Why metaprogramming is powerful in Ruby - Performance Analysis
We want to see how metaprogramming affects how long Ruby code takes to run.
Specifically, how does creating methods or code on the fly change the work done as input grows?
Analyze the time complexity of the following Ruby metaprogramming example.
class Person
[:name, :age, :email].each do |attr|
define_method(attr) do
@attributes[attr]
end
end
def initialize(attributes)
@attributes = attributes
end
end
This code dynamically creates getter methods for each attribute in a list.
Look for loops or repeated actions that affect performance.
- Primary operation: Looping over the attribute list to define methods once.
- How many times: Exactly once per attribute during class definition, not per object.
As the number of attributes grows, the setup work grows too, but only once.
| Input Size (attributes) | Approx.
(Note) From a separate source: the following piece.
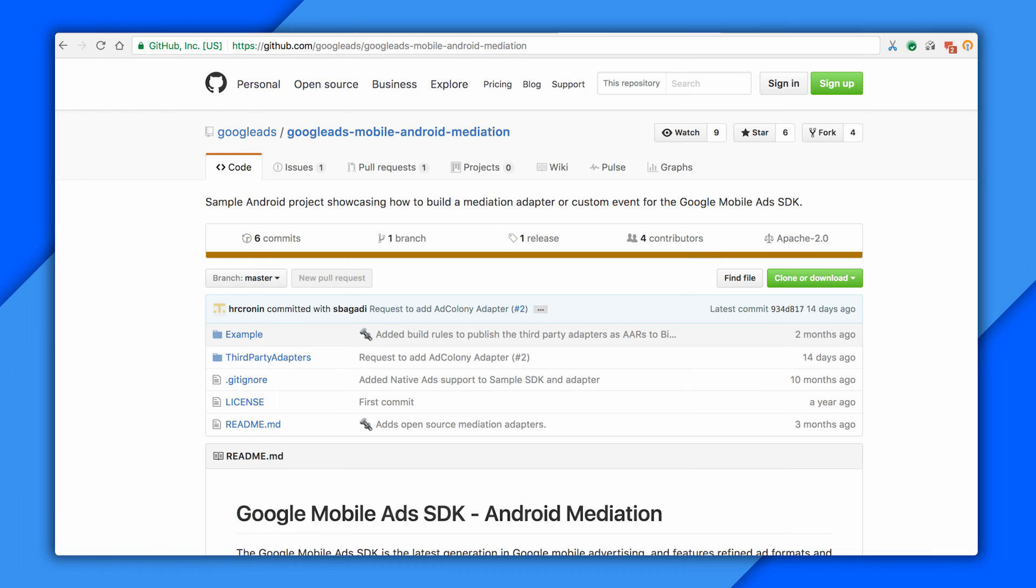There are two repos, one for iOS and one for Android. They contain the adapters themselves, along with a sample adapter project for each platform. And I'm going to have links to them at the end of this video.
Operations |
|---|---|
| 3 | 3 method definitions |
| 10 | 10 method definitions |
| 100 | 100 method definitions |
Pattern observation: The work grows linearly with the number of attributes, but only once when the class loads.
Time Complexity: O(n)
This means the setup time grows in a straight line with the number of attributes, but it happens just once, not every time you use the class.
[X] Wrong: "Metaprogramming makes the program slower every time it runs because it creates methods repeatedly."
[OK] Correct: The method creation happens once when the class is loaded, not every time you create an object or call a method.
Understanding how metaprogramming affects time helps you explain why Ruby code can be both flexible and efficient.
What if we defined methods inside the initialize method instead of at class load? How would the time complexity change?